Also what do the names T and Z mean?  If they're just temporary values, TMP1 and
TMP2 might be better names.

> +/*
> + * Compute schoolbook multiplication for 8 blocks
> + * (M_0h + REDUCE(PL, PH))h^8 + ... + M_{7}h^1 (no constant term)

Shouldn't M_0h be just M_0?

Also, isn't the REDUCE part conditional on \reduce?

> +/*
> + * Perform polynomial evaluation as specified by POLYVAL. Multiplies the value
> + * stored at accumulator by h^k and XORs the evaluated polynomial into it.

What is 'k'?

> + *
> + * Computes h^k*accumulator + h^kM_0 + ... + h^1M_{k-1} (No constant term)
> + *
> + * rdi (OP1) - pointer to message blocks
> + * rsi - pointer to precomputed key struct
> + * rdx - number of blocks to hash
> + * rcx - location to XOR with evaluated polynomial
> + *
> + * void clmul_polyval_update(const u8 *in, const struct polyhash_key* keys,
> + *			     size_t nblocks, ble128* accumulator);
> + */

struct polyhash_key isn't defined anywhere.

> diff --git a/arch/x86/crypto/polyval-clmulni-intel_glue.c b/arch/x86/crypto/polyval-clmulni-intel_glue.c
> new file mode 100644
> index 000000000000..64a432b67b49
> --- /dev/null
> +++ b/arch/x86/crypto/polyval-clmulni-intel_glue.c
> @@ -0,0 +1,165 @@
> +// SPDX-License-Identifier: GPL-2.0-only
> +/*
> + * Accelerated POLYVAL implementation with Intel PCLMULQDQ-NI
> + * instructions.
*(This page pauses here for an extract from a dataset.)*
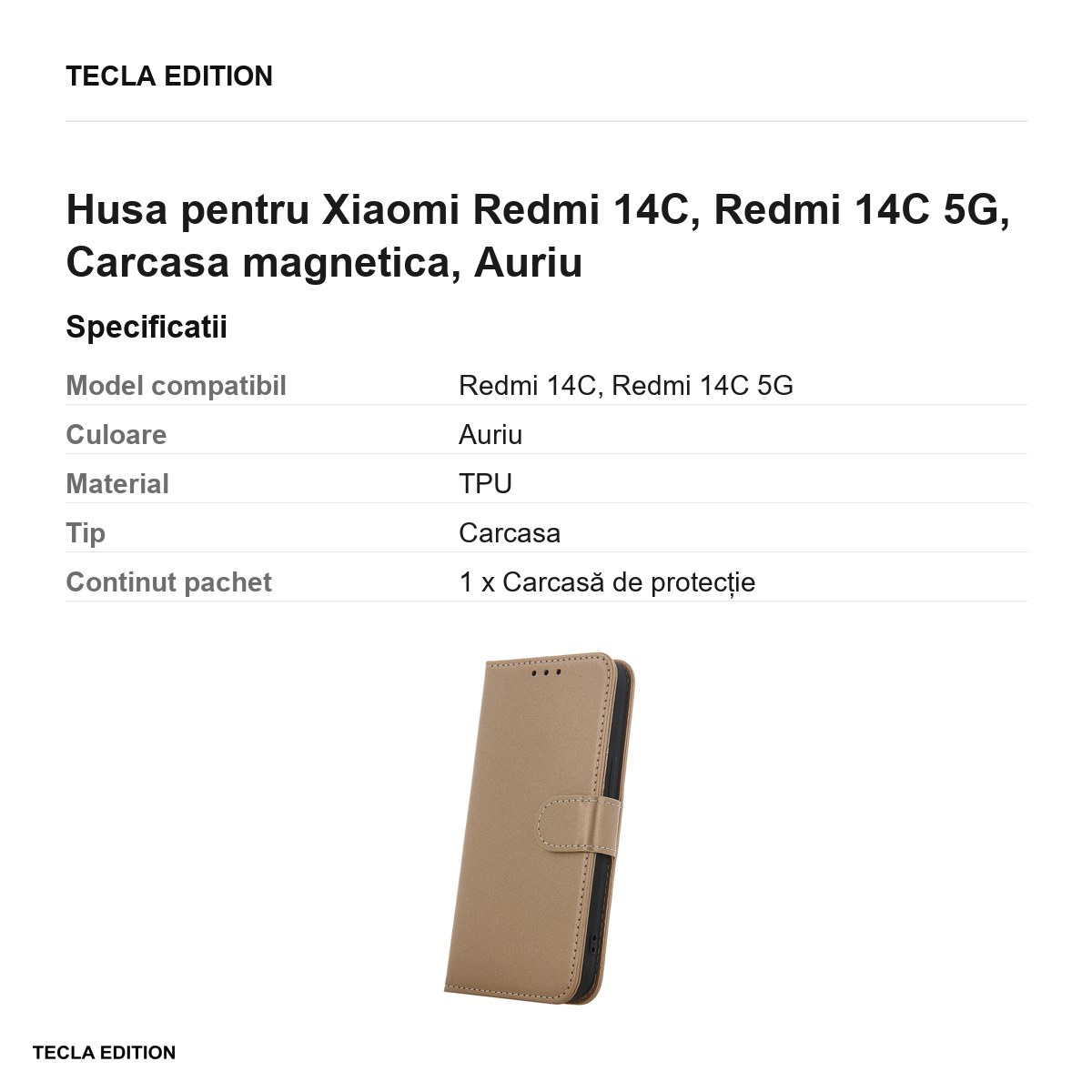 Husa Smart Classic pentru Xiaomi Redmi 14C, Redmi 14C 5G, tip carte cu inchidere magnetica, Auriu [3]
This file contains glue code.
> + *
> + * Copyright (c) 2007 Nokia Siemens Networks - Mikko Herranen <mh1@iki.fi>
> + * Copyright (c) 2009 Intel Corp.
> + *   Author: Huang Ying <ying.huang@intel.com>
> + * Copyright 2021 Google LLC
> + */
> +/*
> + * Glue code based on ghash-clmulni-intel_glue.c.
> + *
> + * This implementation of POLYVAL uses montgomery multiplication
> + * accelerated by PCLMULQDQ-NI to implement the finite field
> + * operations.
> + *
> + */
> +
> +#include <crypto/algapi.h>
> +#include <crypto/gf128mul.h>
> +#include <crypto/internal/hash.h>
> +#include <linux/crypto.h>
> +#include <linux/init.h>
> +#include <linux/kernel.h>
> +#include <linux/module.h>
> +#include <asm/simd.h>
> +
> +#define POLYVAL_BLOCK_SIZE	16
> +#define POLYVAL_DIGEST_SIZE	16

How about including <crypto/polyval.h> (added by an earlier patch) to get these
definitions?

> +#define NUM_PRECOMPUTE_POWERS	8
> +
> +struct polyval_ctx {
> +	be128 key_powers[NUM_PRECOMPUTE_POWERS];
> +};

There should be a comment that says what order the key_powers are in.

Also why is the type be128?  These aren't big endian.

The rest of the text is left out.